** Opening Records for the task block **

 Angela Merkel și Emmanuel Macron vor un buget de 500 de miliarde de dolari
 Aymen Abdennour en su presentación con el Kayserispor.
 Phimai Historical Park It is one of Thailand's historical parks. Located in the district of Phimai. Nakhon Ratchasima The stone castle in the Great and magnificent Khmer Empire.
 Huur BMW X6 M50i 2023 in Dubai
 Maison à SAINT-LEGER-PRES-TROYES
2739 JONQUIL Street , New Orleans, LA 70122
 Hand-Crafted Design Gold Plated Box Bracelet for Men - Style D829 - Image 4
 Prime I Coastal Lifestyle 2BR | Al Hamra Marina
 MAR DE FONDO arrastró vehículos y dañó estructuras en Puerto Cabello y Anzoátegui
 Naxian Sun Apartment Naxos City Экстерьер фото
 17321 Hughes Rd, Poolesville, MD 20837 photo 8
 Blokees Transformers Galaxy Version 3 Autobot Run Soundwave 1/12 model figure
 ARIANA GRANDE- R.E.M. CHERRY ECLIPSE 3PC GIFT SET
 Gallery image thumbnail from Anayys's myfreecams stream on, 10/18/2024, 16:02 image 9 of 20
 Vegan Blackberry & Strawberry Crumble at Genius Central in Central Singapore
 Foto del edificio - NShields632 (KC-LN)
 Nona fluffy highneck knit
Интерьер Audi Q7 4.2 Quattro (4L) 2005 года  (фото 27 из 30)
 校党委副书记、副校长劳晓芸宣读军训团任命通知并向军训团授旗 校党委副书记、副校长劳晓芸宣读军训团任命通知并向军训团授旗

** Closing Records for the task block **

__Exercise prompt__:
Determine how many lines above contain "фото" and respond with that number only.

__Answer box__:
2